Spring 2020: Simulation and Bayesian Statistics
Spring 2020 was the only term where I took two courses simultaneously. I imagined they would have some overlapping ideas, since they were both stats classes, and neither seemed especially hard. I managed to get an A in both courses, but it was definitely a lot of effort to coordinate the workloads and fit them into my schedule.
Simulation and Modeling for Engineering and Science was an interesting course. It was all about simulation systems: hand simulations, monte-carlo, the Arena simulation language, random variate generation, and input and output analysis. The lectures were entertaining, and there was a lot of material. This course was a little harder than I expected, probably because I didn’t have a strong stats background.
Bayesian Statistics had some overlapping ideas about probability distributions and monte-carlo methods. It was a deep-dive on Bayes Theorem and Bayesian analysis. The material covered Bayes formula, Bayesian networks, OpenBUGS, Bayesian inference, Bayesian computation, MCMC methodology, and more. This course helped me think in Bayesian terms, which is sometimes counter intuitive.
Fall 2020: Data and Visual Analytics
DVA is a broad introduction to data visualization. This was the first course I took where there was a group project. The course touched on data collection, data cleaning, SQLite, data integration, data analytics, Hadoop, Spark, D3, classification, and ensemble methods. I wasn’t crazy about this course. There didn’t seem to be any cohesion between the various ideas, and there was just a superficial coverage of the topics. I did learn how to use D3, though, which was useful.
Spring 2021: Deep Learning
This course was quite interesting. Most of the hype-generating news in the Machine Learning world is related to Deep Learning, so it was fascinating to learn how these powerful models actually work. The course covered neural networks and gradient descent, optimization of deep networks, convolutional neural nets, pooling layers, PyTorch, bias and fairness, language models, embeddings, transformers, attention, and generative models.

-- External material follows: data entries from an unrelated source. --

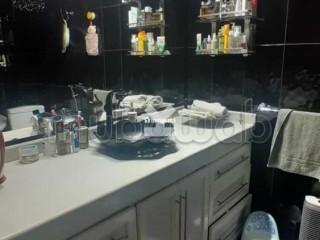 Appartement à Vendre de 108.0 m² à Casablanca, Maarif - Appartement à vendre - Casablanca
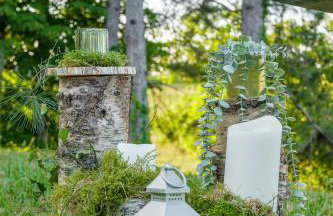 Kuća za odmor Šumska Vila - Foto 50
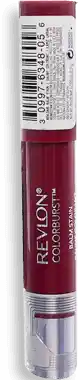 Revlon Labial Liquido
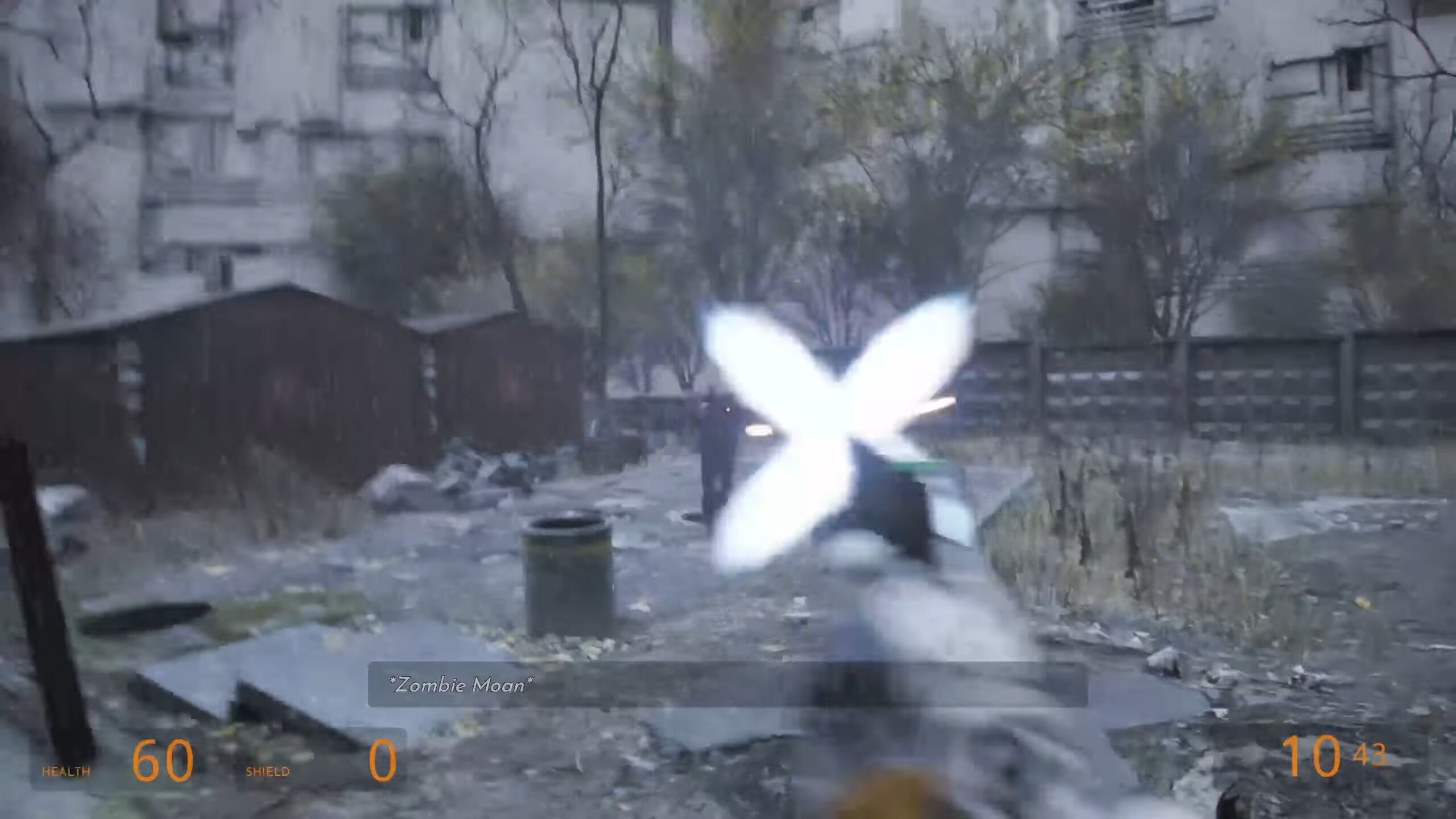 SECOND-LOOP™ screenshot 13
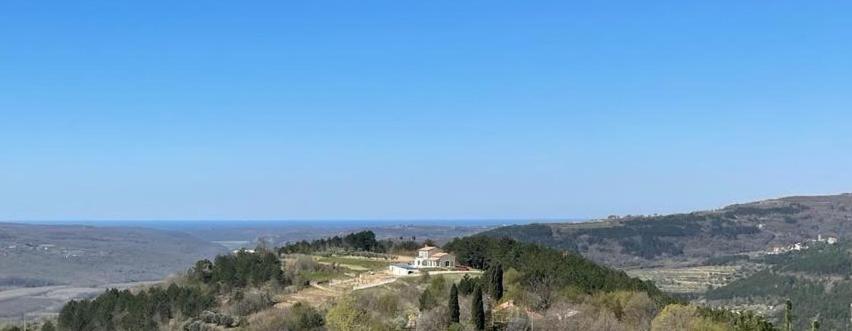 Villa San Silvestro photo 1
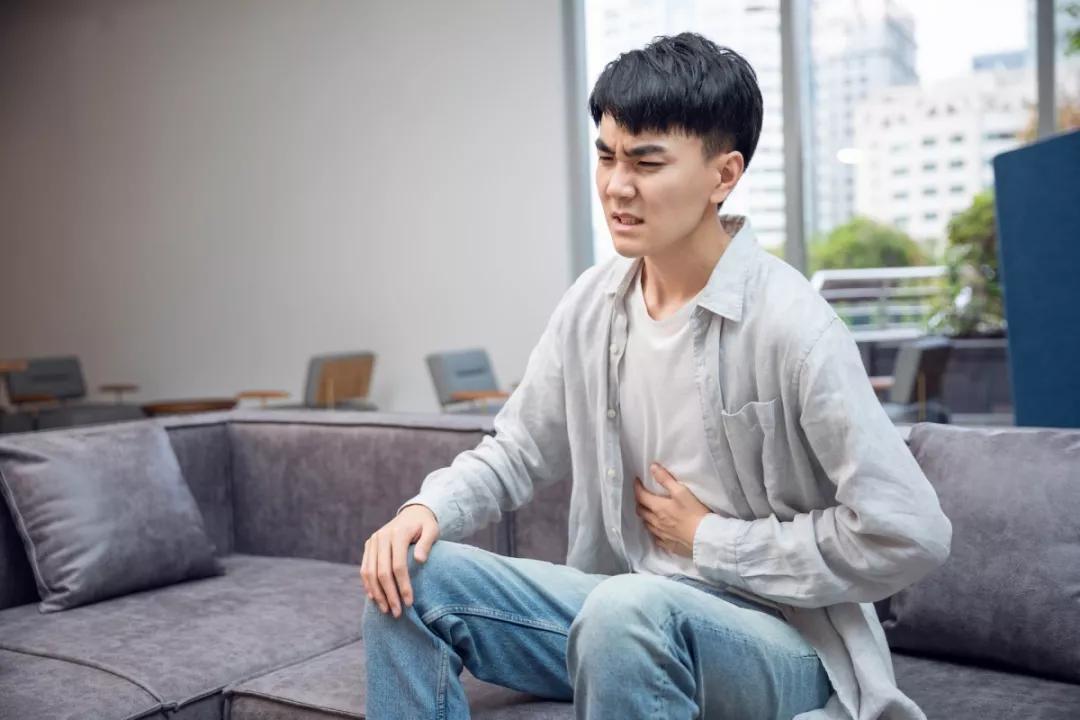 一瓶甲硝唑几块钱，或能帮你改善6种疾病，你会用吗？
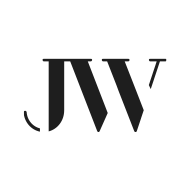 JW Logo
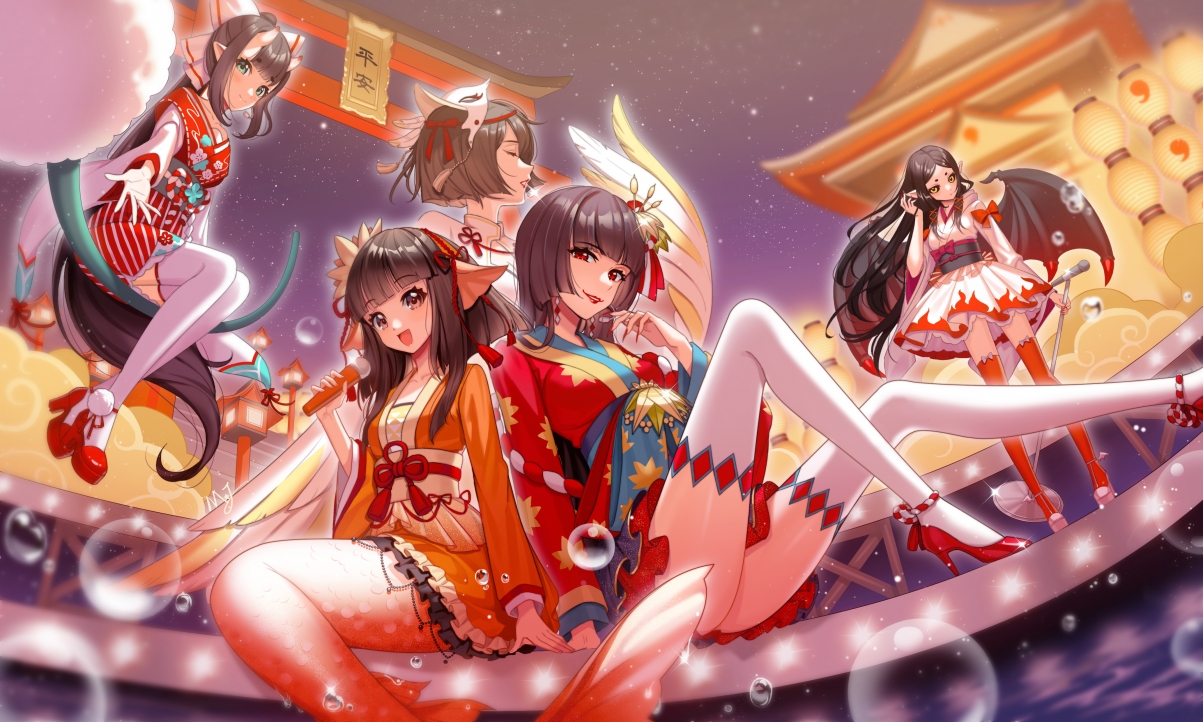特色天空绳索攀爬，勇者在悬崖间飞跃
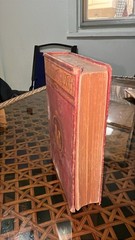 Anderson’s Historical Series new general history 1889 HC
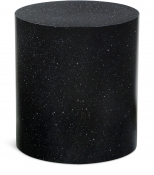 237Black-E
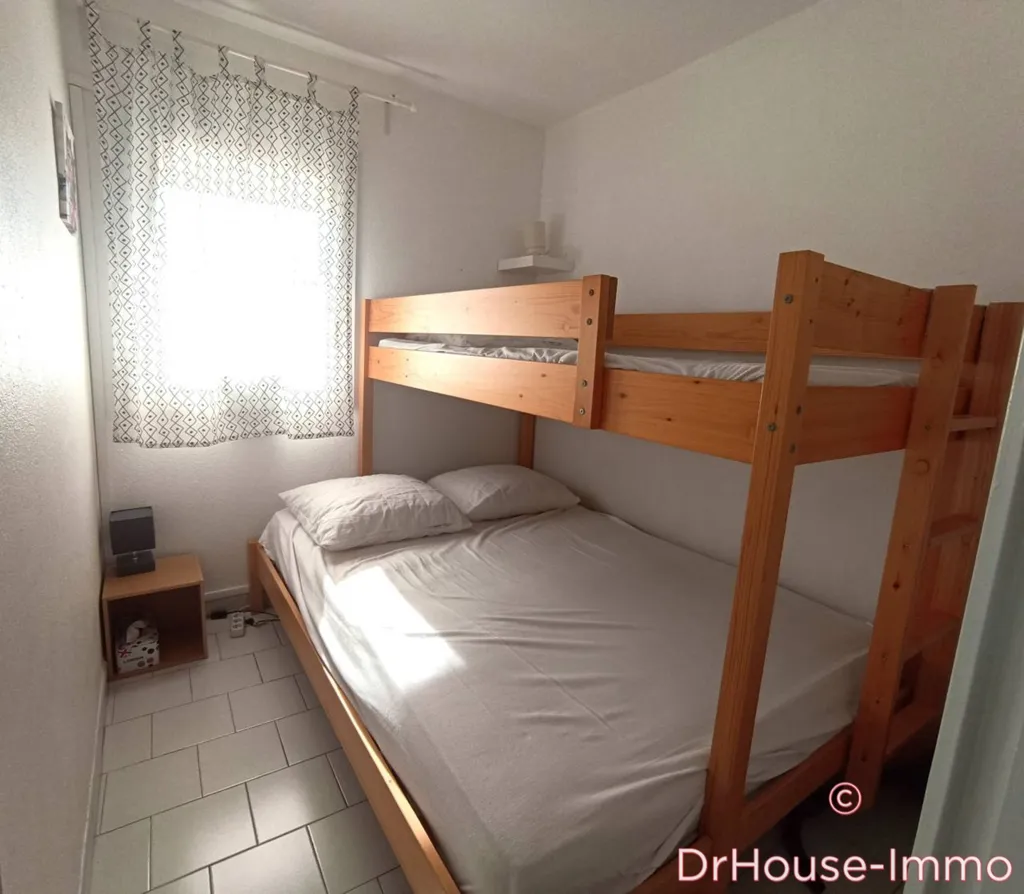 Magamistoad - Bright Apartment with Pool near La Conque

This was another one of my favorite classes.
Fall 2021: Graduate Algorithms
GA has earned a reputation of being difficult, and it is a core requirement. As many students do, I took this as my final course. It was challenging, but I put in plenty of effort and had no issues. It covers dynamic programming, graph algorithms, and NP-completeness all in depth. The material is well organized. The grading is heavily based on three exams spaced throughout the course, but the homeworks do a good job of preparing one for them. It felt rewarding to complete this class, and I was glad to brush up on concepts I hadn’t studied since undergrad.